WORK REQUIRED: Make an exact copy of the listing below. Pictures stay out of it.

SUPPLIED INFORMATION:

* * * * * * * * *

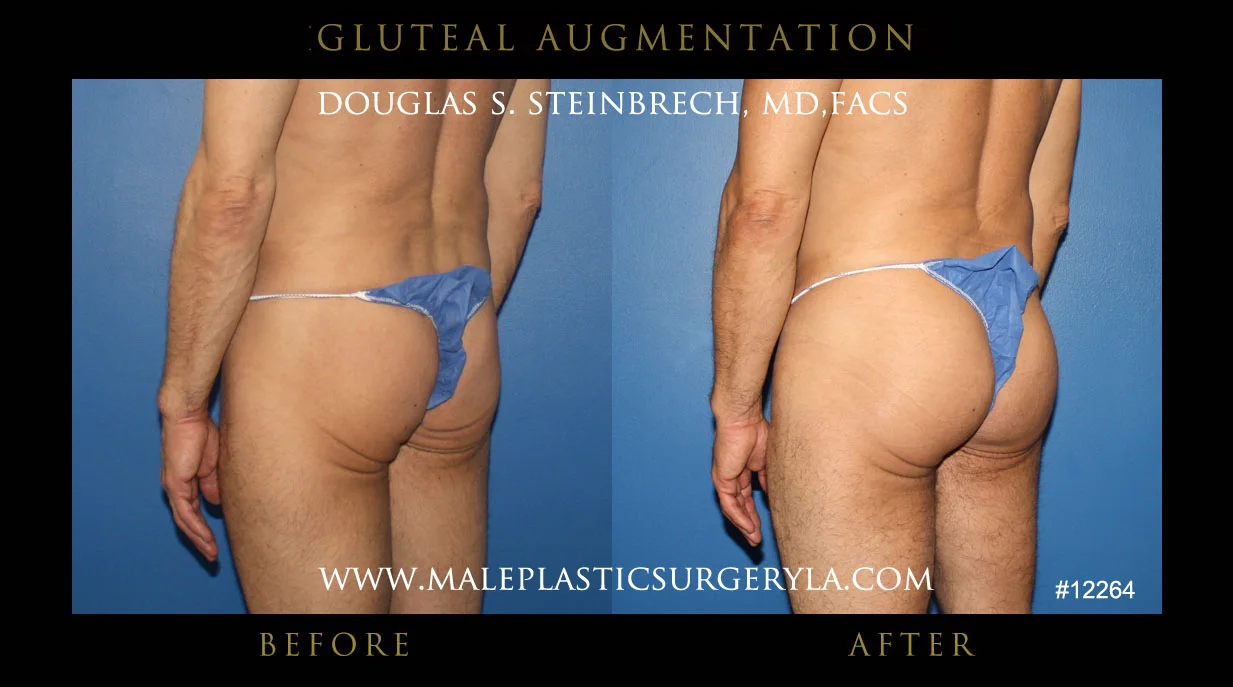 Gluteal Buttock Implants - Before & After Photos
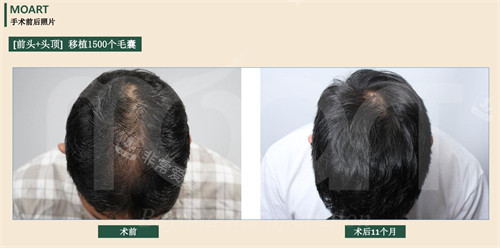 韩国moart毛发移植前后对比图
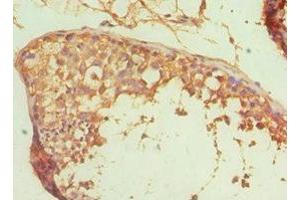 Immunohistochemistry of paraffin-embedded human testis tissue using ABIN7167765 at dilution of 1:100 (ALDH1A1 antibody  (AA 202-501))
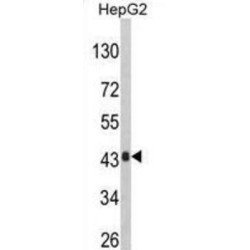 Serine--Pyruvate Aminotransferase (AGXT) Antibody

* * * * * * * * *

OUTPUT BELOW:
 Gluteal Buttock Implants - Before & After Photos
 韩国moart毛发移植前后对比图
 Immunohistochemistry of paraffin-embedded human testis tissue using ABIN7167765 at dilution of 1:100 (ALDH1A1 antibody  (AA 202-501))
 Serine--Pyruvate Aminotransferase (AGXT) Antibody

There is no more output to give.